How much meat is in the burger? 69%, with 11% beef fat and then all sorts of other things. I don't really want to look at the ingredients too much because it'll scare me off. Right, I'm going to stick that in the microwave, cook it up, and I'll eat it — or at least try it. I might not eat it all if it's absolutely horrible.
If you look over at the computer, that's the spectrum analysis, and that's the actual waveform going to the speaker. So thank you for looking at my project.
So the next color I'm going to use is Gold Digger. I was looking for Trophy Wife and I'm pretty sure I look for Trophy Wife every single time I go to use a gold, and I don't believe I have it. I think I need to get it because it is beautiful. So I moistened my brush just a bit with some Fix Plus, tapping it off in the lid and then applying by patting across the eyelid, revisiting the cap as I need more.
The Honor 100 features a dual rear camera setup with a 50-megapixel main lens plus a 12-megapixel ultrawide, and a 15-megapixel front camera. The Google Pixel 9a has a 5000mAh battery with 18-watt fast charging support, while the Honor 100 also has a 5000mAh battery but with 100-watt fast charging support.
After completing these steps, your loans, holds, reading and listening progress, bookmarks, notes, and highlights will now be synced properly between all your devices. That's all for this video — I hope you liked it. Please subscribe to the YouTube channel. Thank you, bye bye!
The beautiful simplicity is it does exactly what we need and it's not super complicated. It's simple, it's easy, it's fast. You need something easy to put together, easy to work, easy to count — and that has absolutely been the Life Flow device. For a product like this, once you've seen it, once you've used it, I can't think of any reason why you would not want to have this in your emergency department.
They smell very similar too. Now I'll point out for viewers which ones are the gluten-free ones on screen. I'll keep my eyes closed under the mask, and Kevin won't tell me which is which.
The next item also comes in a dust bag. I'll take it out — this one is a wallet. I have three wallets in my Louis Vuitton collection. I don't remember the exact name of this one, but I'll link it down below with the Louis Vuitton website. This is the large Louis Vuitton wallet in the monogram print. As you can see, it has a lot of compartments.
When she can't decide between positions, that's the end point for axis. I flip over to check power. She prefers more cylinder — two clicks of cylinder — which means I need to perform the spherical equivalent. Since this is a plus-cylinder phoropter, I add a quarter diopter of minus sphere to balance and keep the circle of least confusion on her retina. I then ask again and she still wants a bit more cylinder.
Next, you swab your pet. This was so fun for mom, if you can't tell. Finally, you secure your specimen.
------------------------
Work instruction: Proceeding from the line containing "So the next" through the line containing "The beautiful simplicity", transcribe the lines above exactly, both end lines included.

Answer to this task:
So the next color I'm going to use is Gold Digger. I was looking for Trophy Wife and I'm pretty sure I look for Trophy Wife every single time I go to use a gold, and I don't believe I have it. I think I need to get it because it is beautiful. So I moistened my brush just a bit with some Fix Plus, tapping it off in the lid and then applying by patting across the eyelid, revisiting the cap as I need more.
The Honor 100 features a dual rear camera setup with a 50-megapixel main lens plus a 12-megapixel ultrawide, and a 15-megapixel front camera. The Google Pixel 9a has a 5000mAh battery with 18-watt fast charging support, while the Honor 100 also has a 5000mAh battery but with 100-watt fast charging support.
After completing these steps, your loans, holds, reading and listening progress, bookmarks, notes, and highlights will now be synced properly between all your devices. That's all for this video — I hope you liked it. Please subscribe to the YouTube channel. Thank you, bye bye!
The beautiful simplicity is it does exactly what we need and it's not super complicated. It's simple, it's easy, it's fast. You need something easy to put together, easy to work, easy to count — and that has absolutely been the Life Flow device. For a product like this, once you've seen it, once you've used it, I can't think of any reason why you would not want to have this in your emergency department.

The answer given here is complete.